“I would put Thatcher in the same category. The reason I didn’t put out a statement on learning of her death is that I want to emphasize the positive,” said King, who once called the IRA “the legitimate voice of occupied Ireland” but dialed back his involvement in the North after the 9/11 attacks.
“She was a strong ally of the U.S. and I give her tremendous credit for that, but not on Northern Ireland, where I was very involved during the time of the hunger strikes and throughout her time as prime minister.”
King cites the notorious shoot-to-kill policy, the Stalker report, the so-called supergrass trials, and the Diplock courts among examples of the wrong-headedness of Thatcher’s approach and he admits her political intransigence helped to prolong the war in the North.
“Tony Blair had a much larger vision when it came to Northern Ireland,” King admits.
“Thatcher looked upon it as part of her job to preserve the British Empire. I think she saw Northern Ireland as a terrorist issue, not realizing that human rights were being violated.
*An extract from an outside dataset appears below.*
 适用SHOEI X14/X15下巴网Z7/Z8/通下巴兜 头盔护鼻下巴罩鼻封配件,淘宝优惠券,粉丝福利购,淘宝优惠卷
I don’t know how much thought or focus she gave to it.”
But unlike most Irish American leaders, King parcels out her legacy as a mixed bag.
“She did what had to be done. Britain was going through a very rough time and I give her credit for bringing it back. I give her credit for a very strong alliance with the U.S. I have a very divided view of her legacy,” he says.
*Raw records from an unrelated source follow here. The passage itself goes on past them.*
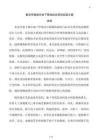 復雜環境城市地下管線綜合探測實施方案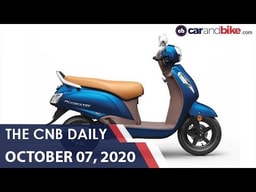 Suzuki Access And Burgman Bluetooth | Bajaj Pulsar NS200 | BMW 2 Series Suzuki Access And Burgman Bluetooth | Bajaj Pulsar NS200 | BMW 2 Series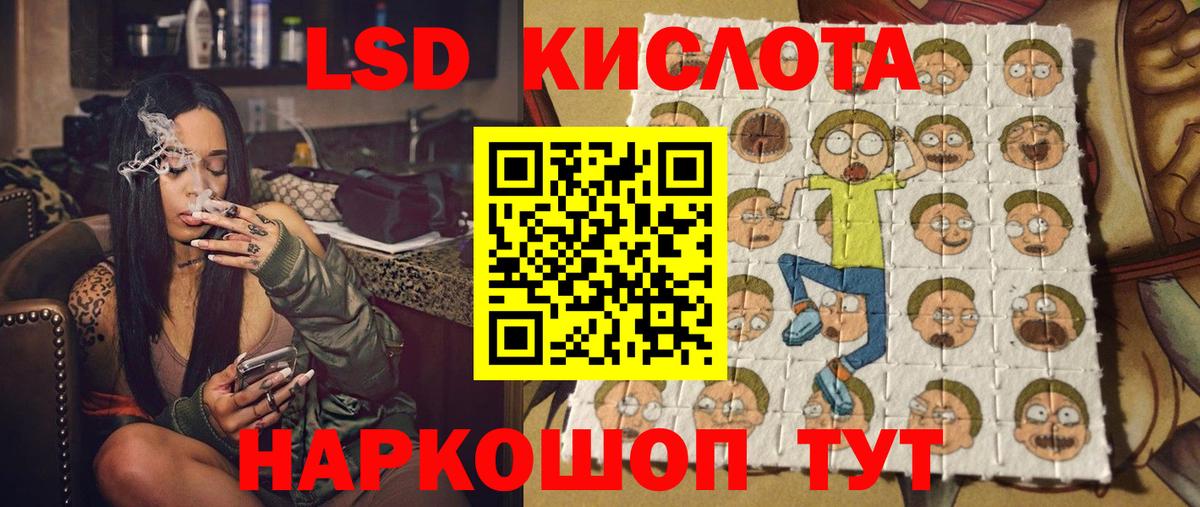 Наркотические марки  Марки 25I-NBOMe 1,5мг  Вход с VPN  Коломна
Brendan Moore, the national president of the Ancient Order of Hibernians told the Irish Voice, “I haven’t polled anyone in the organization, I can only tell you personally that I was the national Freedom for All Ireland chairman for 14 years, and my purview was the north of Ireland and lobbying on behalf of the six counties.
“In my view Margaret Thatcher demonstrated incredible inhuman insensitivity bordering on heartlessness when it came to the six counties and into the lives of British people too. She just trampled all over them. She consistently refused to acknowledge any polices contrary to her own perceptions.”
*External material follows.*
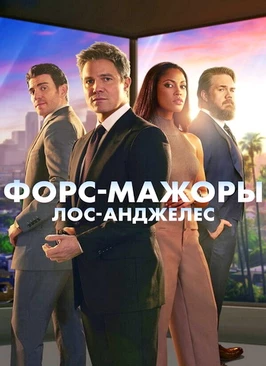 Форс-мажоры: Лос-Анджелес (1 сезон)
Jack Meehan, former president of the AOH, experienced her foreign policy first hand.
“I happened to be very much involved when the hunger strikes were going on in the 1980s and when Joe Doherty, who had escaped from Crumlin Road Jail, was incarcerated here in the U.S.,” he remembers.
“I cannot find one redeeming factor about the woman, to be honest with you. Thatcher was a terrible person, not only for the Irish but also for her own people. Look what she did to the miners.”